◆ Material for this exercise ◆
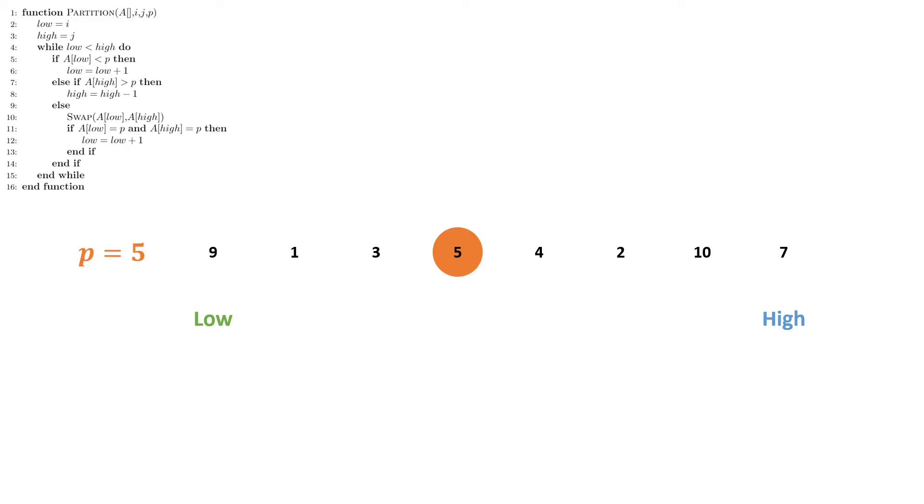Now the goal of partition is to rearrange the array in such a way that every element to the left of our partition point will be less than it and every point to the right of it will be greater than it.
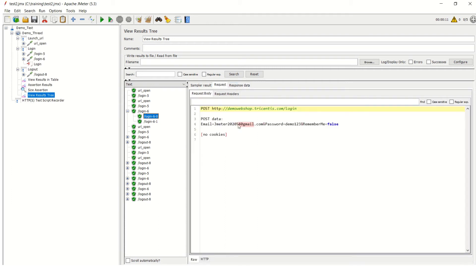In the View Results Tree you can see in the request what value we passed for the login. You can see jmeter2020 and the password was correctly passed through it. That's how we parameterize the data.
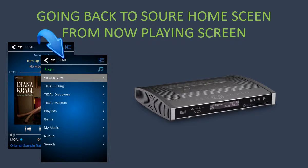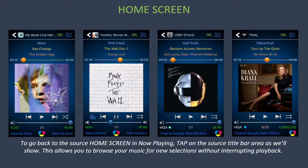Going back to the source's home screen from the now playing screen: to get there, you'll simply tap on the source's title bar or icon to go back. This will allow you to browse for new music without interrupting playback of your current music.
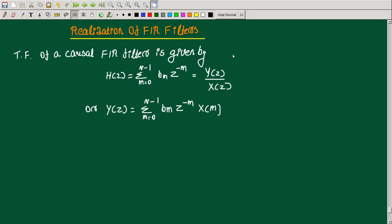Hello everyone, welcome to the new video on realization of FIR filters. So far we have discussed about the realization of IIR filters, that is the infinite impulse response filters, and in this video I will be discussing about the realization of FIR filters, that means finite impulse response filters.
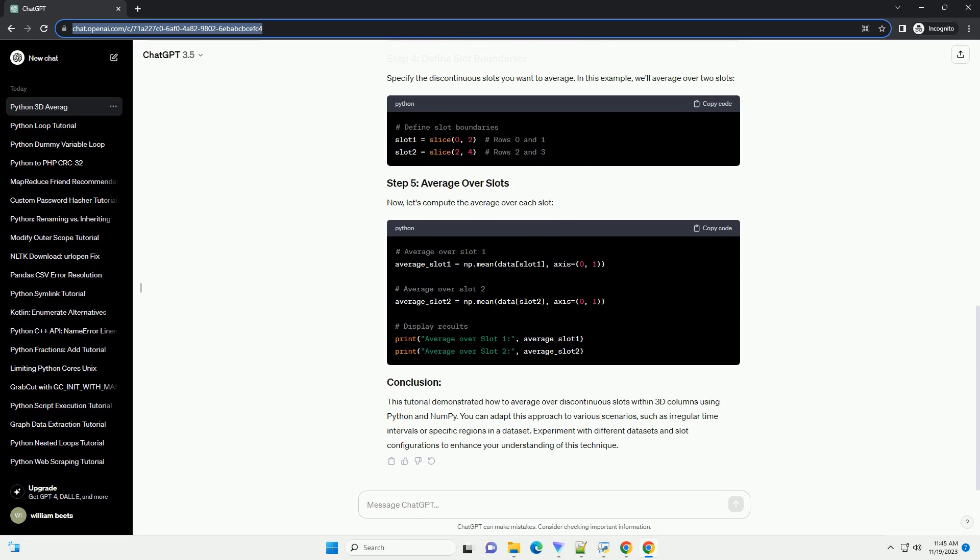For this tutorial, let's create a 3D array with irregular slots of data.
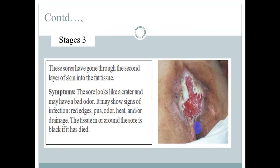In Stage 3, the subcutaneous tissue is damaged. The wound is deep enough to affect the subcutaneous layer. There can be significant tissue damage, visible as a dark wound, with signs including foul odor, drainage, and heat.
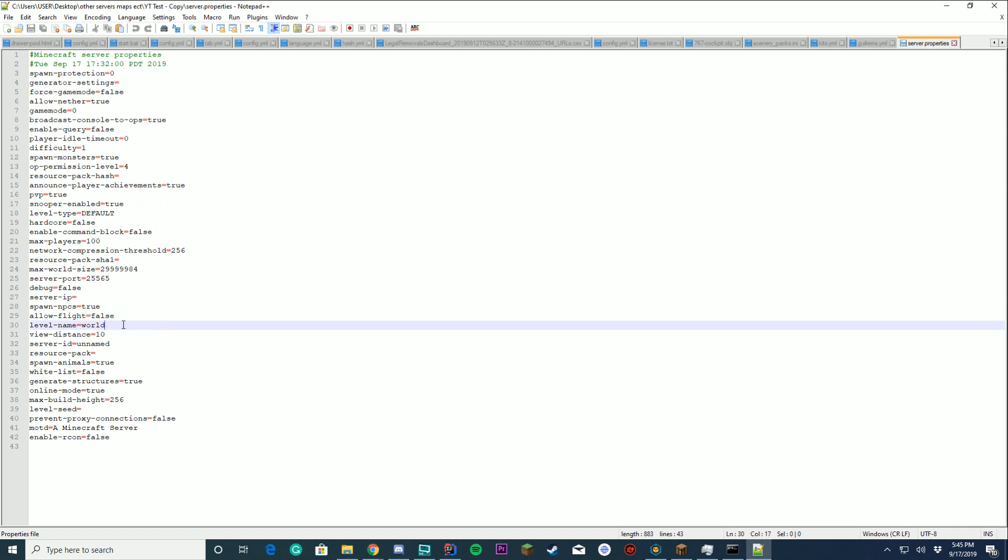Level name. Default level name. This could be like lobby, world, whatever it spawns. By default it's world. I don't recommend changing it because a lot of plugins use the default level name world.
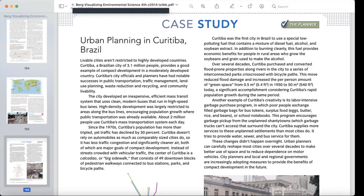Instead of streets crowded with vehicular traffic, the center of Curitiba is a Calçadão — a large sidewalk consisting of 49 downtown blocks of pedestrian walkways connected to bus stations, parks, and bicycle paths.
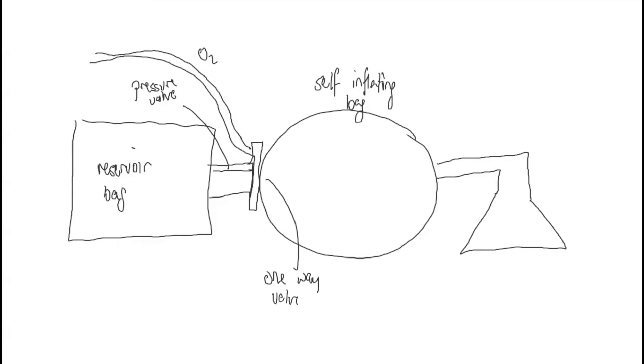You will also need a pop-off valve to prevent excessive pressures being generated inside the patient.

◆ What is required ◆
Skip the pictures, then write out every entry exactly.

◆ Answer to the problem ◆
Now the goal of partition is to rearrange the array in such a way that every element to the left of our partition point will be less than it and every point to the right of it will be greater than it.
In the View Results Tree you can see in the request what value we passed for the login. You can see jmeter2020 and the password was correctly passed through it. That's how we parameterize the data.
Going back to the source's home screen from the now playing screen: to get there, you'll simply tap on the source's title bar or icon to go back. This will allow you to browse for new music without interrupting playback of your current music.
Hello everyone, welcome to the new video on realization of FIR filters. So far we have discussed about the realization of IIR filters, that is the infinite impulse response filters, and in this video I will be discussing about the realization of FIR filters, that means finite impulse response filters.
For this tutorial, let's create a 3D array with irregular slots of data.
In Stage 3, the subcutaneous tissue is damaged. The wound is deep enough to affect the subcutaneous layer. There can be significant tissue damage, visible as a dark wound, with signs including foul odor, drainage, and heat.
Level name. Default level name. This could be like lobby, world, whatever it spawns. By default it's world. I don't recommend changing it because a lot of plugins use the default level name world.
Instead of streets crowded with vehicular traffic, the center of Curitiba is a Calçadão — a large sidewalk consisting of 49 downtown blocks of pedestrian walkways connected to bus stations, parks, and bicycle paths.
You will also need a pop-off valve to prevent excessive pressures being generated inside the patient.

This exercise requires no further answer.